GIVEN INFORMATION:
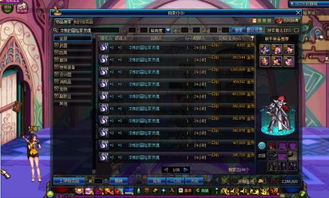 卡赞狂战士铁匠解锁攻略，打造强力装备指南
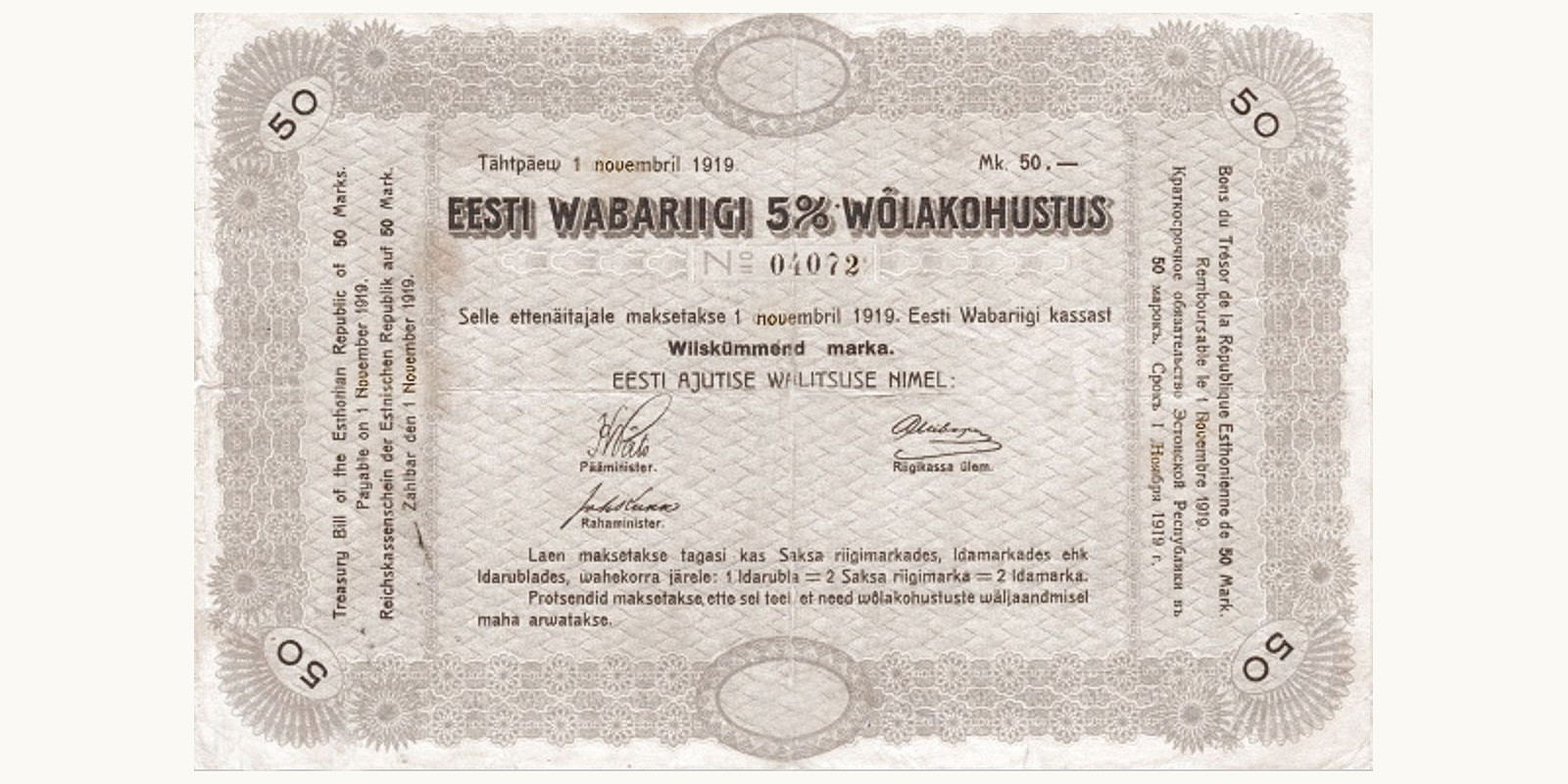 50 Marka Estonia 1919 — Front side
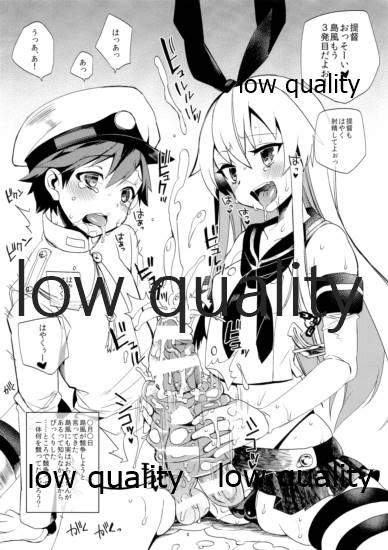 Kanmusu ga Shota Teitoku no Seitsuu o Toriau Hon. page 3 full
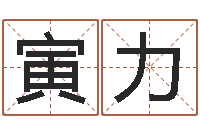 申寅力文圣迹-姓名如何排序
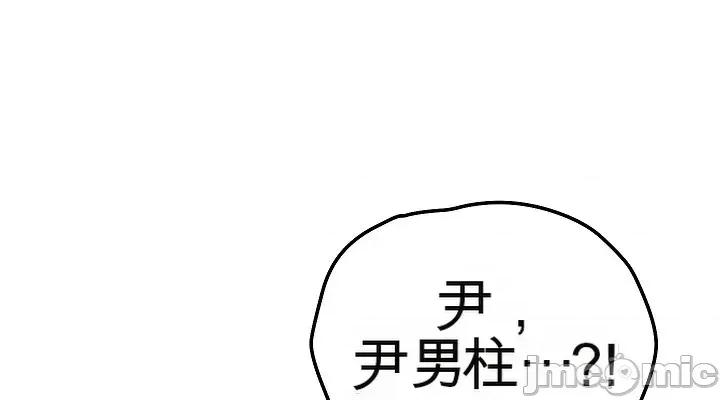拯救我的魔法少女 拯救我的魔法少女16 第14页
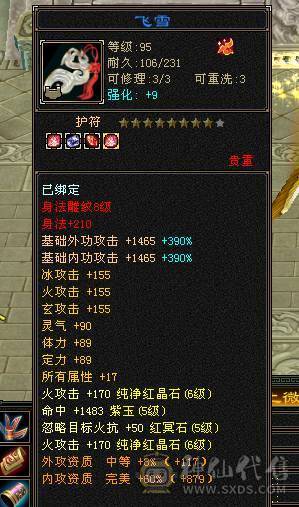 快乐推荐——走地龙金箍棒暴力三修，细节拉满，8-5雕纹精绘，幻魂双十，双十盟会，带无敌丹，宝宝价值近万，暴力与时尚兼在。完美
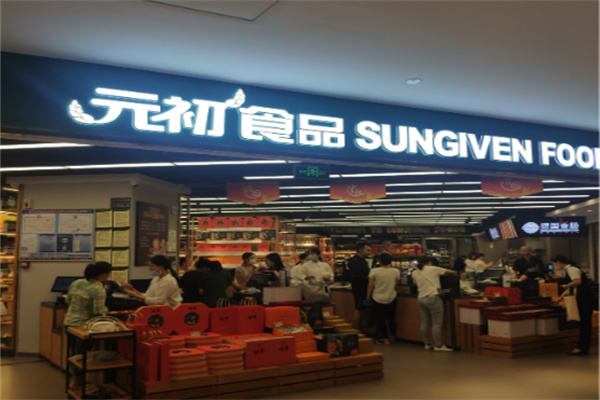 元初食品超市 元初食品超市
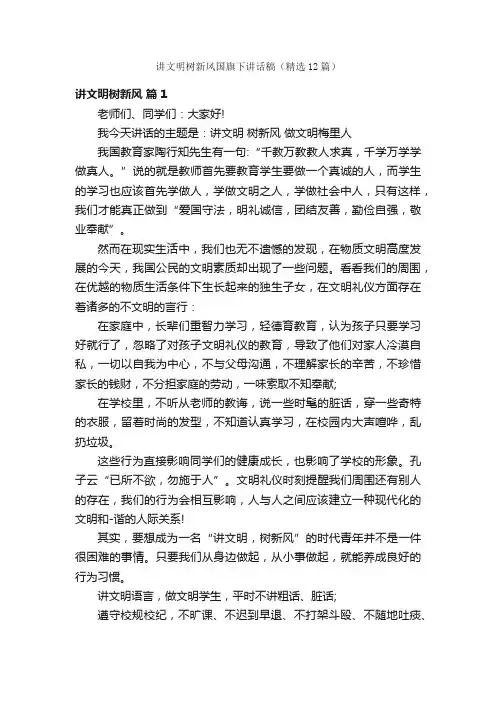 讲文明树新风国旗下讲话稿（精选12篇）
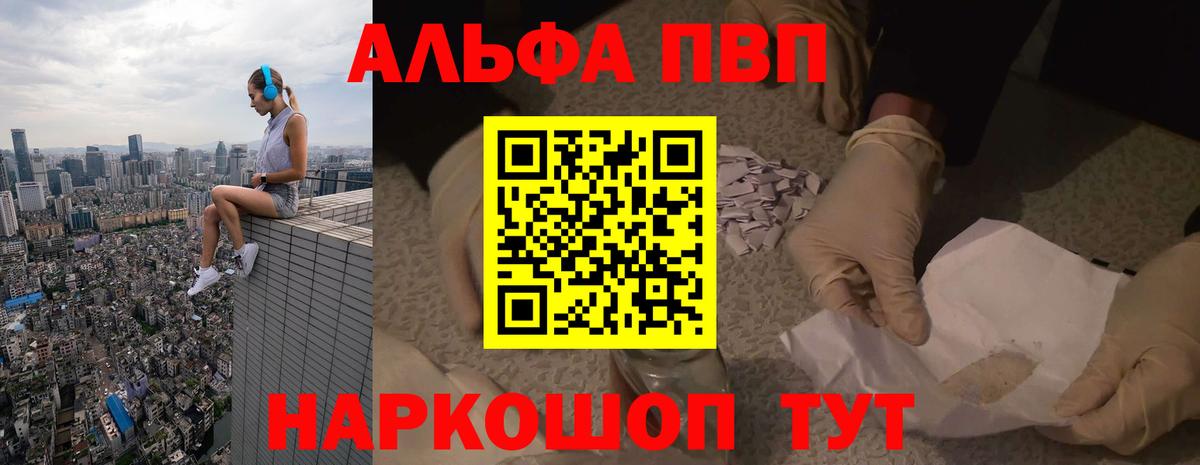 Щёкино  Альфа ПВП VHQ  A-PVP VHQ  купить закладку  Вход с VPN 
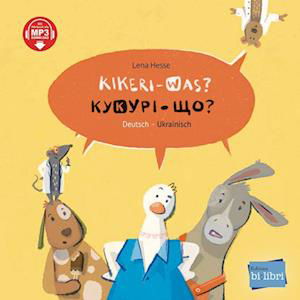 Cover for Kikeri · Was? Dt.-ukrain.+onl.dat. (Bok)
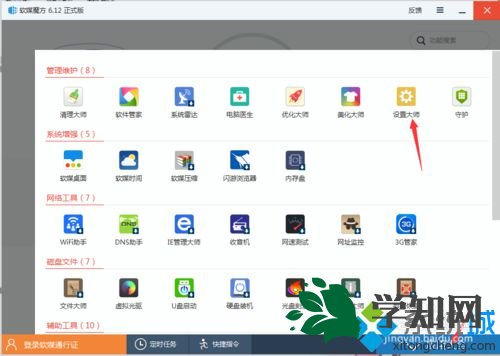 win7登錄界面變成和win10一樣步驟2 win7登錄界面變成和win10一樣步驟2
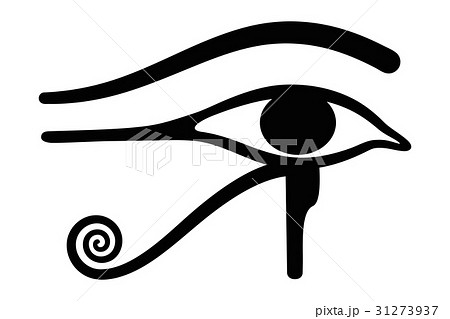 Wedjat. Eye of Horus. Ancient Egyptian symbol 31273937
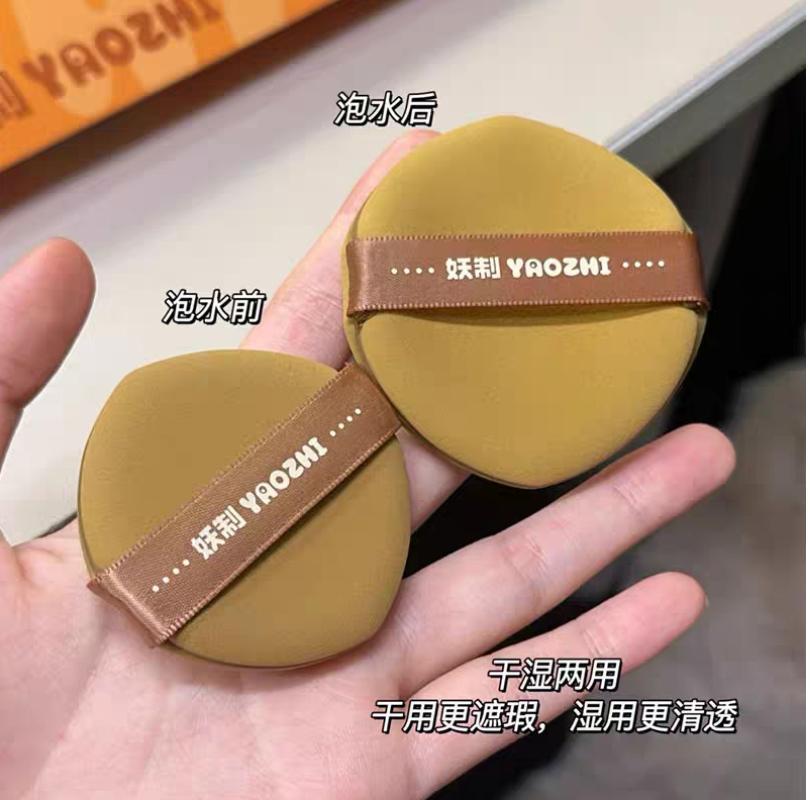 粉扑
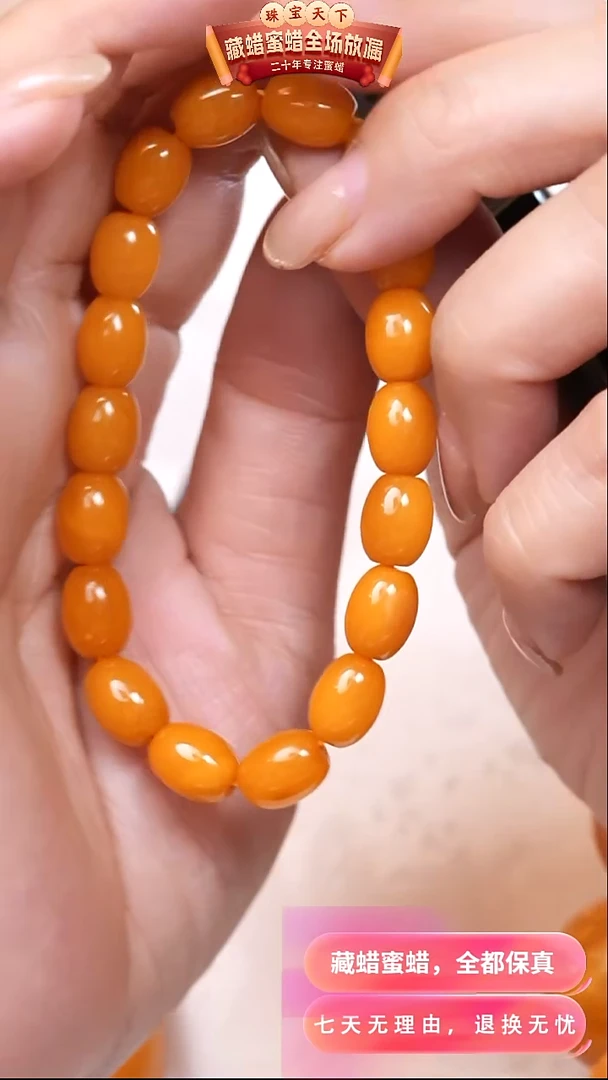 【闪购商品】蜜蜡颈饰未镶嵌7454天然蜜蜡琥珀假一罚四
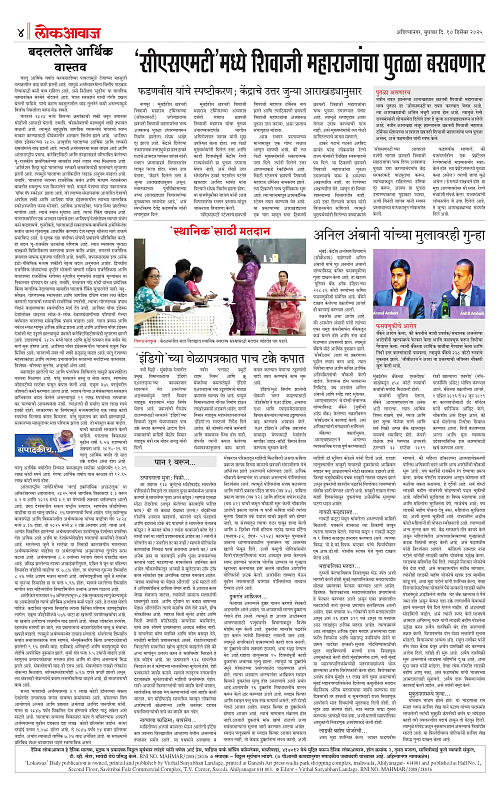 Lokawaj 10 Dec 2025_004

WORK INSTRUCTION: Each line from the top of the records through the one containing "Альфа ПВП VHQ" needs to be transcribed exactly, without pictures.

EXERCISE OUTPUT:
 卡赞狂战士铁匠解锁攻略，打造强力装备指南
 50 Marka Estonia 1919 — Front side
 Kanmusu ga Shota Teitoku no Seitsuu o Toriau Hon. page 3 full
 申寅力文圣迹-姓名如何排序
拯救我的魔法少女 拯救我的魔法少女16 第14页
 快乐推荐——走地龙金箍棒暴力三修，细节拉满，8-5雕纹精绘，幻魂双十，双十盟会，带无敌丹，宝宝价值近万，暴力与时尚兼在。完美
 元初食品超市 元初食品超市
 讲文明树新风国旗下讲话稿（精选12篇）
 Щёкино  Альфа ПВП VHQ  A-PVP VHQ  купить закладку  Вход с VPN 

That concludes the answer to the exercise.